Find the line with "Certified 2022 Chevrolet" in the records below. Copy it and every line after it, up to and including the line with "Witte madeliefjes met".

Extracted data entries
++++++++++++++++++++

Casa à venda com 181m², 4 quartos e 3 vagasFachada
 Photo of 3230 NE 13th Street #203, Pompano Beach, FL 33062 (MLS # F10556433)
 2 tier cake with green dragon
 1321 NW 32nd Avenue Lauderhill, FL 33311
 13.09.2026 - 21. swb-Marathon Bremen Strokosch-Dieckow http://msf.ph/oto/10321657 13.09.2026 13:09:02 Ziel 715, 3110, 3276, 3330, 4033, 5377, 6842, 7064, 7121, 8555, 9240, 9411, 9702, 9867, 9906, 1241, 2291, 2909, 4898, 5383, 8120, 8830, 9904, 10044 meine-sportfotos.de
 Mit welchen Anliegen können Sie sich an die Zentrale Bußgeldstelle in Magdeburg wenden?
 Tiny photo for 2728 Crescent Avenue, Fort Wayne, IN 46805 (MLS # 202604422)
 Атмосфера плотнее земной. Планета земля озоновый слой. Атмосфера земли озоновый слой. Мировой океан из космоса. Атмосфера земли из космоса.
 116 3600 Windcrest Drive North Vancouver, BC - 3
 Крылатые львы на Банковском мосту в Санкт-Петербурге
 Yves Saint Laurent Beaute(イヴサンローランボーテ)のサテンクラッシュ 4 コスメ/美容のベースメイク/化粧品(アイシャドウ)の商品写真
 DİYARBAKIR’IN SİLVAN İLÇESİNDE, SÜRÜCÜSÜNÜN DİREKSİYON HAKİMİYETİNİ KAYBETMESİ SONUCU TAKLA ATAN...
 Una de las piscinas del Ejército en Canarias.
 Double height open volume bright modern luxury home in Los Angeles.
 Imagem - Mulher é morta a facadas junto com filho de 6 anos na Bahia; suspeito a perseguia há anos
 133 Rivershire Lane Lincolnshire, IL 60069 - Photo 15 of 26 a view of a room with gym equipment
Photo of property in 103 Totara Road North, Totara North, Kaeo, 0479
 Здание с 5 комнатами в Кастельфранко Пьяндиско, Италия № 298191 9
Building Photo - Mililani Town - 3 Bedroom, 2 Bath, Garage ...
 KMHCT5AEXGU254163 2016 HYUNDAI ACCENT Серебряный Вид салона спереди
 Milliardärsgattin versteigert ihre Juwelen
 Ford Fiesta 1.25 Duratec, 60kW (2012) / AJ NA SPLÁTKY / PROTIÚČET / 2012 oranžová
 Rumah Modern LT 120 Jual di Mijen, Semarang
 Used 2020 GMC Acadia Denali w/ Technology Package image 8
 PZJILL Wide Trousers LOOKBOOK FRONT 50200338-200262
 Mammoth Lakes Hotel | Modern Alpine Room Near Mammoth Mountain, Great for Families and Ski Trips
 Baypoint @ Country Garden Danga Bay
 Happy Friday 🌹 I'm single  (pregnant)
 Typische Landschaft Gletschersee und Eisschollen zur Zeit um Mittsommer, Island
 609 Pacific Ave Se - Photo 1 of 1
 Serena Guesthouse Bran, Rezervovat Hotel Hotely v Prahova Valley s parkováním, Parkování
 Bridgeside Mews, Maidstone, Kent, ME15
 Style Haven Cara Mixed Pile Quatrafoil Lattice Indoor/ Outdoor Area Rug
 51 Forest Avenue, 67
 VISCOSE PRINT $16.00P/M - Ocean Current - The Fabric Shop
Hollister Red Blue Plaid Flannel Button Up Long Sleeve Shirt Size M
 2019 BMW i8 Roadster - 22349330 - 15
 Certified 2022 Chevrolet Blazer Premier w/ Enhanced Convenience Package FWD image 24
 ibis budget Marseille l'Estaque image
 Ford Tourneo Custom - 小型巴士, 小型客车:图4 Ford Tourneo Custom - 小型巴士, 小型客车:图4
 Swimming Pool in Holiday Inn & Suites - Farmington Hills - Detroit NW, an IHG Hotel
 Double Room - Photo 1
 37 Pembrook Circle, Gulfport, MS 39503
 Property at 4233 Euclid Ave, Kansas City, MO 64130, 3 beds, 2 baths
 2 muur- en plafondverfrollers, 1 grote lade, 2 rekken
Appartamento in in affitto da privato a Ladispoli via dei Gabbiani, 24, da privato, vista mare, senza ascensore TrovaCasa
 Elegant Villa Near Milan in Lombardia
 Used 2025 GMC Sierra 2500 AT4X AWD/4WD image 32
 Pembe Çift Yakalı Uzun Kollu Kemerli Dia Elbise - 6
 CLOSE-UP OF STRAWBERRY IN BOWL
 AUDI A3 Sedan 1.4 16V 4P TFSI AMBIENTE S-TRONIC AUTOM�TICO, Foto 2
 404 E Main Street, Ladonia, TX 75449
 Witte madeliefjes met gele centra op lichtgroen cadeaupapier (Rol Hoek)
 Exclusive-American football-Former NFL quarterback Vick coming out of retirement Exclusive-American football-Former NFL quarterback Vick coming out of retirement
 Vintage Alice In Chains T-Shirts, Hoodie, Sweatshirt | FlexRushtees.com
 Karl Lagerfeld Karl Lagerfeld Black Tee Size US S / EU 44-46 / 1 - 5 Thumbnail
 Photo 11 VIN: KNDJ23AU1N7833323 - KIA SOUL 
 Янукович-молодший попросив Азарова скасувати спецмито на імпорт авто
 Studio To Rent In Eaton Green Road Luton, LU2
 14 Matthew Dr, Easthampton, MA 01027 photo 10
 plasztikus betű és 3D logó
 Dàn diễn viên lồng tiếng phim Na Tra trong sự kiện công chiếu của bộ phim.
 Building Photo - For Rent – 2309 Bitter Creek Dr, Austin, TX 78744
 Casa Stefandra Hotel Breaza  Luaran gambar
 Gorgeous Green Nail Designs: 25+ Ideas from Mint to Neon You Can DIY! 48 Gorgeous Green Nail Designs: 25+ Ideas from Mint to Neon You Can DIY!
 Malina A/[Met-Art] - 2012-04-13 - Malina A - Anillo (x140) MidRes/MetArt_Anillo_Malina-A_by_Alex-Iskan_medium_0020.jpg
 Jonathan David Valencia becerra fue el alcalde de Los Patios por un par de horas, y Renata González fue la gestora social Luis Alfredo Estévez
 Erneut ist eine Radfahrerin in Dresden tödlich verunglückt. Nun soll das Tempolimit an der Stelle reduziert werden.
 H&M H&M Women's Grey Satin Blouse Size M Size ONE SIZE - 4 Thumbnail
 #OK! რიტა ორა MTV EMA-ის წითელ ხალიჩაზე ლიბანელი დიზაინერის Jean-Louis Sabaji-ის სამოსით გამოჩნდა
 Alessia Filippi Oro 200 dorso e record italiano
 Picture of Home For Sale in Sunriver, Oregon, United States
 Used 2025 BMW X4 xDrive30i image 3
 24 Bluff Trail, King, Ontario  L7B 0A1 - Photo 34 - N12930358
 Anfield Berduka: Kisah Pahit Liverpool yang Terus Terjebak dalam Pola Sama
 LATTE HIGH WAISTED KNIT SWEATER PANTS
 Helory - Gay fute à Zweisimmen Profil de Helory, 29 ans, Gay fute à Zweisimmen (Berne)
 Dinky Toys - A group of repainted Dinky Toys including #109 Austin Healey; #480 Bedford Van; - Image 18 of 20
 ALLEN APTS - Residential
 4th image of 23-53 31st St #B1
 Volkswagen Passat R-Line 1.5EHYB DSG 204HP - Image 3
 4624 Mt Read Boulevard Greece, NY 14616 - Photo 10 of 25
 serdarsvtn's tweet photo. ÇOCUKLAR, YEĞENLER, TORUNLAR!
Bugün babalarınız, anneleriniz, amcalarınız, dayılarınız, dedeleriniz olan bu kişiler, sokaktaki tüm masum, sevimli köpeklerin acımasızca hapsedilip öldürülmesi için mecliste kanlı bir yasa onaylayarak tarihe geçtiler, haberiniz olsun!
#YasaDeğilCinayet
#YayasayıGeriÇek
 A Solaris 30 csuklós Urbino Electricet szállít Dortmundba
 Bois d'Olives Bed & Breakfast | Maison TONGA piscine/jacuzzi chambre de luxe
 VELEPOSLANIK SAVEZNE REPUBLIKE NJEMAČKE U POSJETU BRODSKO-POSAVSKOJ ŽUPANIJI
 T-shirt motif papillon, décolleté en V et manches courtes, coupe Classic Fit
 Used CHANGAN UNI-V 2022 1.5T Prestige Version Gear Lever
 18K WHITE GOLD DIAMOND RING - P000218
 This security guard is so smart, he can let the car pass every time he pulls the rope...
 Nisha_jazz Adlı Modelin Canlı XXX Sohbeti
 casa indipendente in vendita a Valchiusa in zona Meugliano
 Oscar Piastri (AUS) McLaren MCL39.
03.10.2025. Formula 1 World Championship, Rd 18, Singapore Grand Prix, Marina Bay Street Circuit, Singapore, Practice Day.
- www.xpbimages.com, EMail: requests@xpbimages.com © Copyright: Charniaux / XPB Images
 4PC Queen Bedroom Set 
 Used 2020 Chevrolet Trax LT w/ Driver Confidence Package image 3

++++++++++++++++++++

§ Problem solution:
 Certified 2022 Chevrolet Blazer Premier w/ Enhanced Convenience Package FWD image 24
 ibis budget Marseille l'Estaque image
 Ford Tourneo Custom - 小型巴士, 小型客车:图4 Ford Tourneo Custom - 小型巴士, 小型客车:图4
 Swimming Pool in Holiday Inn & Suites - Farmington Hills - Detroit NW, an IHG Hotel
 Double Room - Photo 1
 37 Pembrook Circle, Gulfport, MS 39503
 Property at 4233 Euclid Ave, Kansas City, MO 64130, 3 beds, 2 baths
 2 muur- en plafondverfrollers, 1 grote lade, 2 rekken
Appartamento in in affitto da privato a Ladispoli via dei Gabbiani, 24, da privato, vista mare, senza ascensore TrovaCasa
 Elegant Villa Near Milan in Lombardia
 Used 2025 GMC Sierra 2500 AT4X AWD/4WD image 32
 Pembe Çift Yakalı Uzun Kollu Kemerli Dia Elbise - 6
 CLOSE-UP OF STRAWBERRY IN BOWL
 AUDI A3 Sedan 1.4 16V 4P TFSI AMBIENTE S-TRONIC AUTOM�TICO, Foto 2
 404 E Main Street, Ladonia, TX 75449
 Witte madeliefjes met gele centra op lichtgroen cadeaupapier (Rol Hoek)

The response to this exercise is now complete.